▶ [Task material]
┌────────

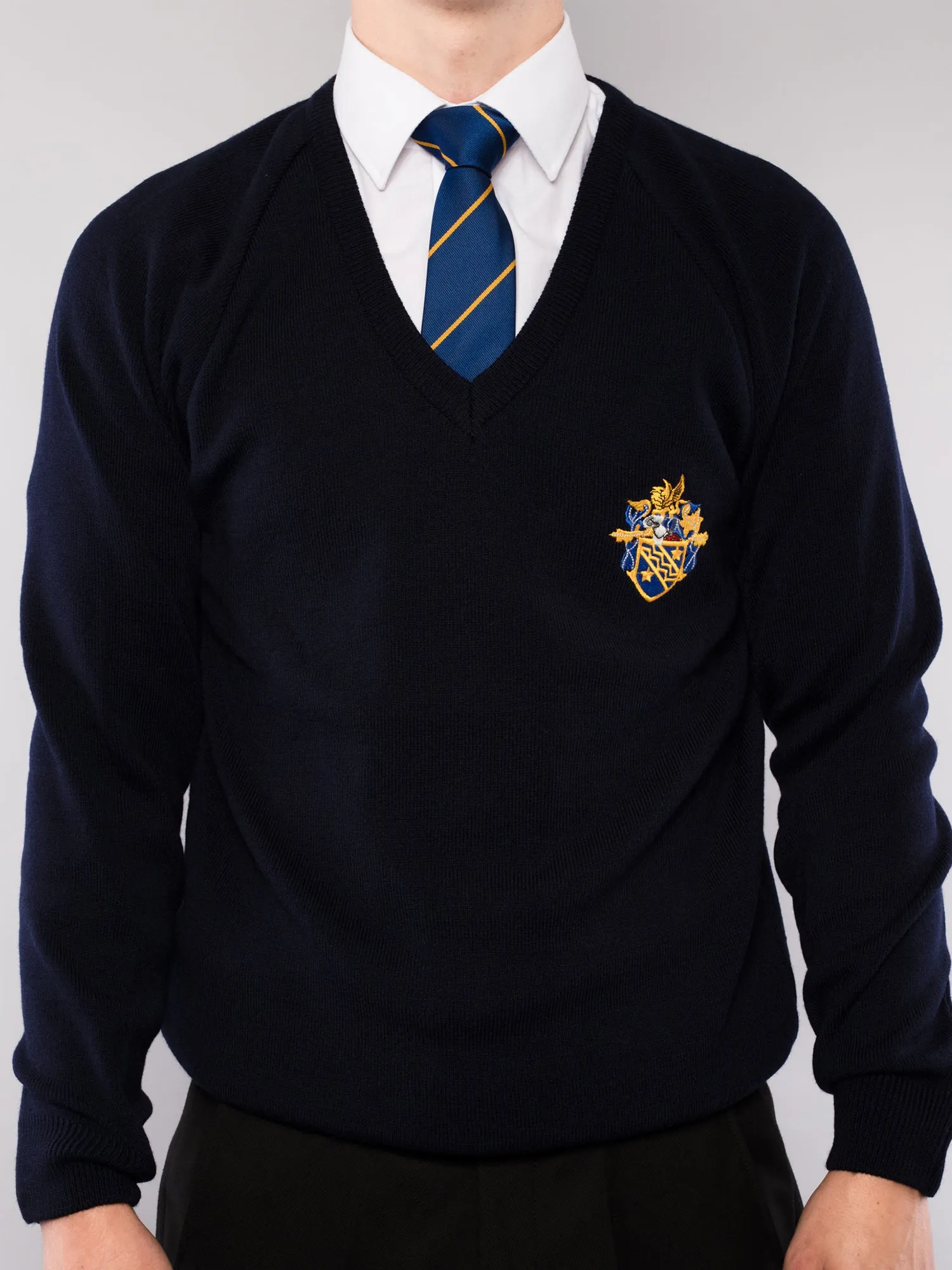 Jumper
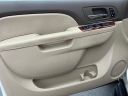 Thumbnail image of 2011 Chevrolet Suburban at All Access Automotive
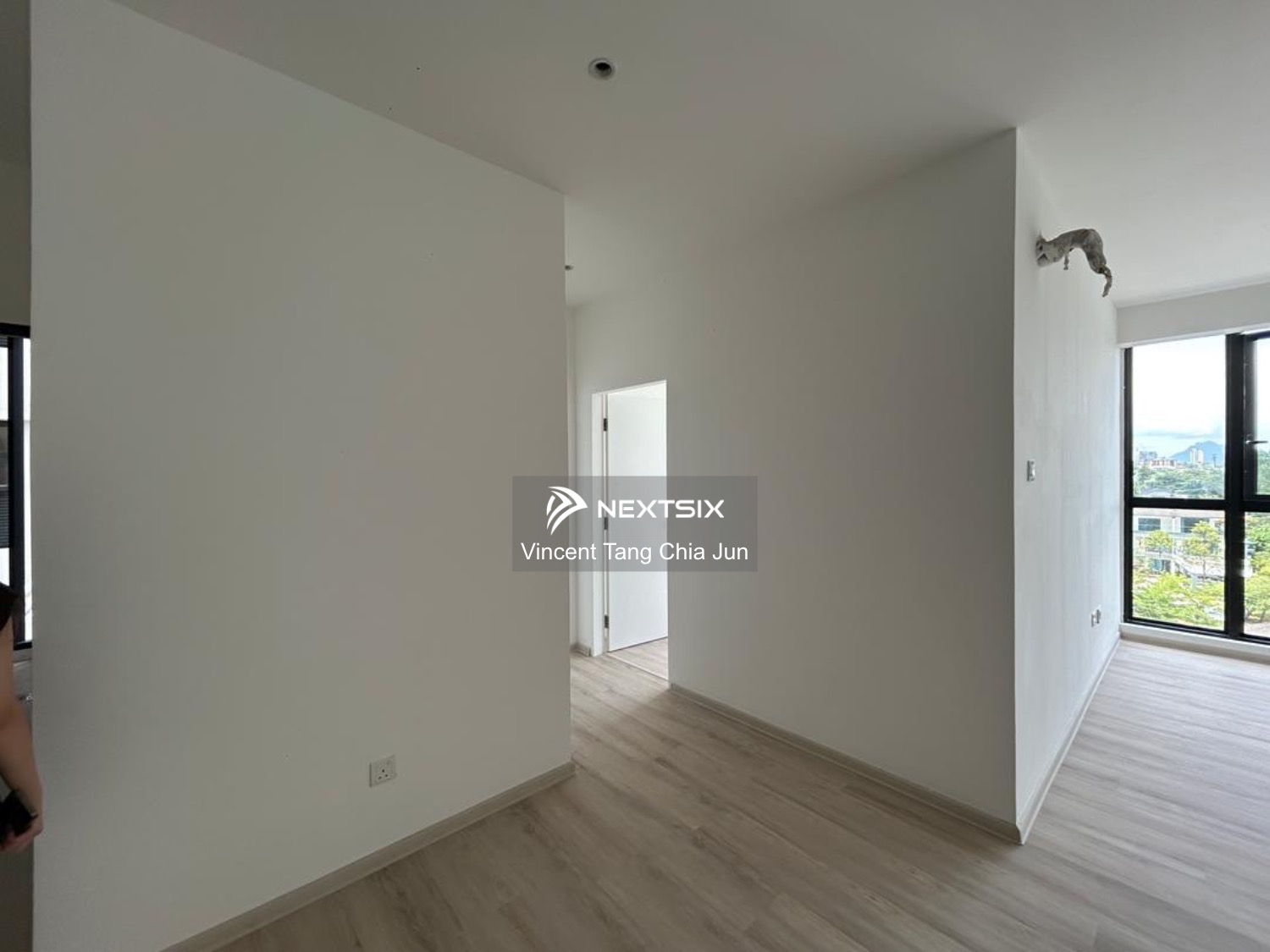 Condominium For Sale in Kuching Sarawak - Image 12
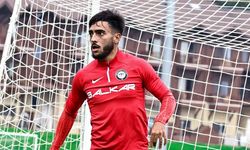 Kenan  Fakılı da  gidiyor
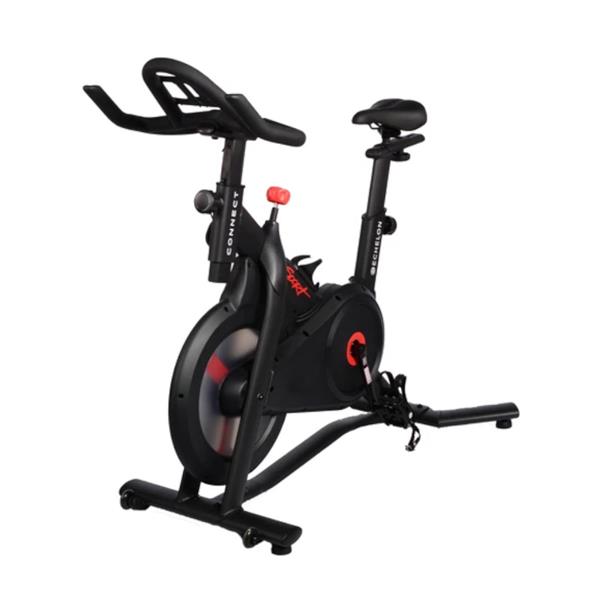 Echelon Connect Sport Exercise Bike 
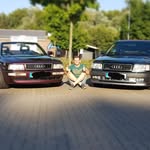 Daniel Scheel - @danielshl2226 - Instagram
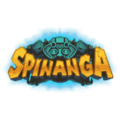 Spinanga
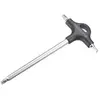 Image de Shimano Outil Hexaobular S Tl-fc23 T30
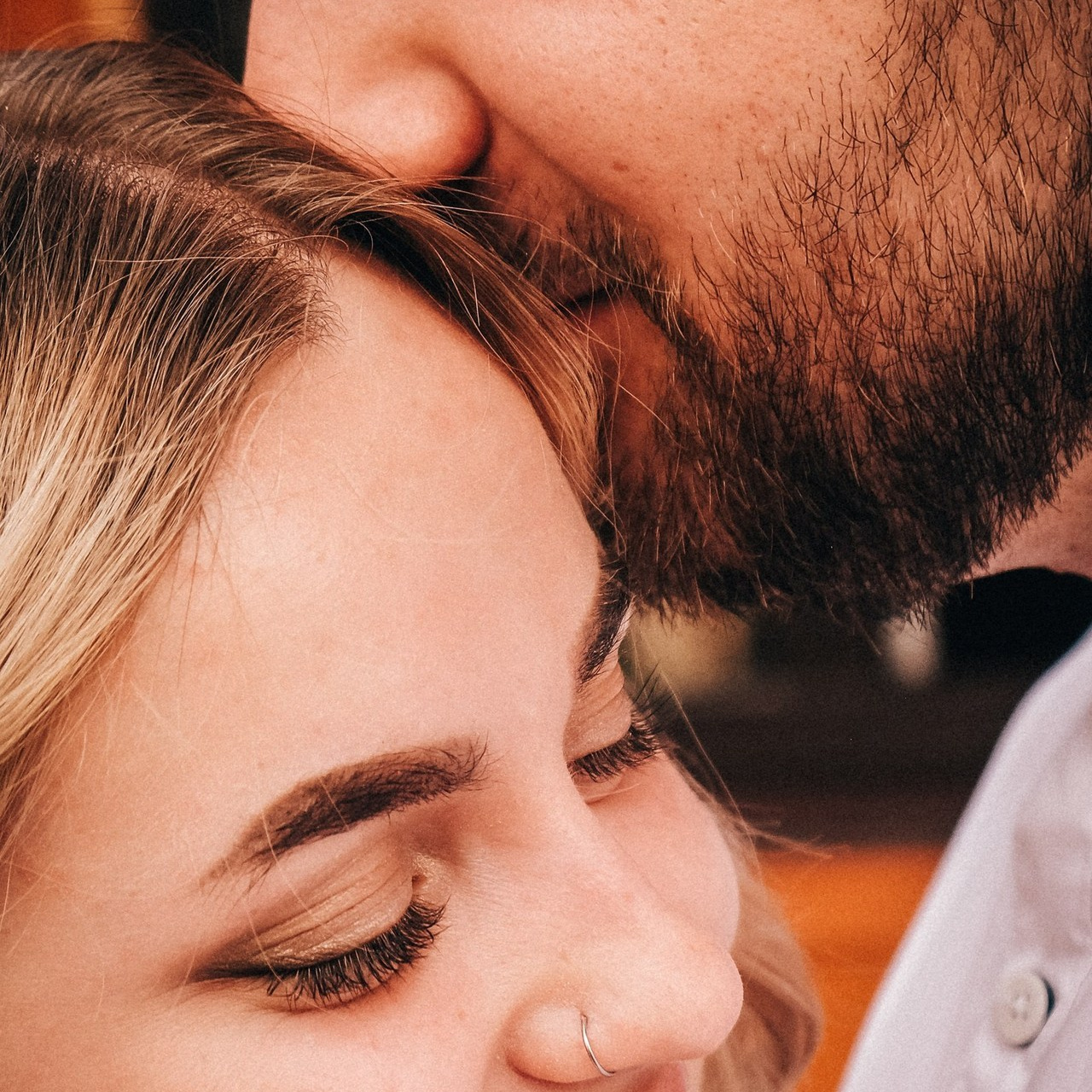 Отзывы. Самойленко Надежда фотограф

└────────

▶ [Task goal] The records above should be repeated exactly, with no pictures in the copy.

▶ [Task response]
 Jumper
 Thumbnail image of 2011 Chevrolet Suburban at All Access Automotive
 Condominium For Sale in Kuching Sarawak - Image 12
 Kenan  Fakılı da  gidiyor
 Echelon Connect Sport Exercise Bike 
 Daniel Scheel - @danielshl2226 - Instagram
 Spinanga
 Image de Shimano Outil Hexaobular S Tl-fc23 T30
 Отзывы. Самойленко Надежда фотограф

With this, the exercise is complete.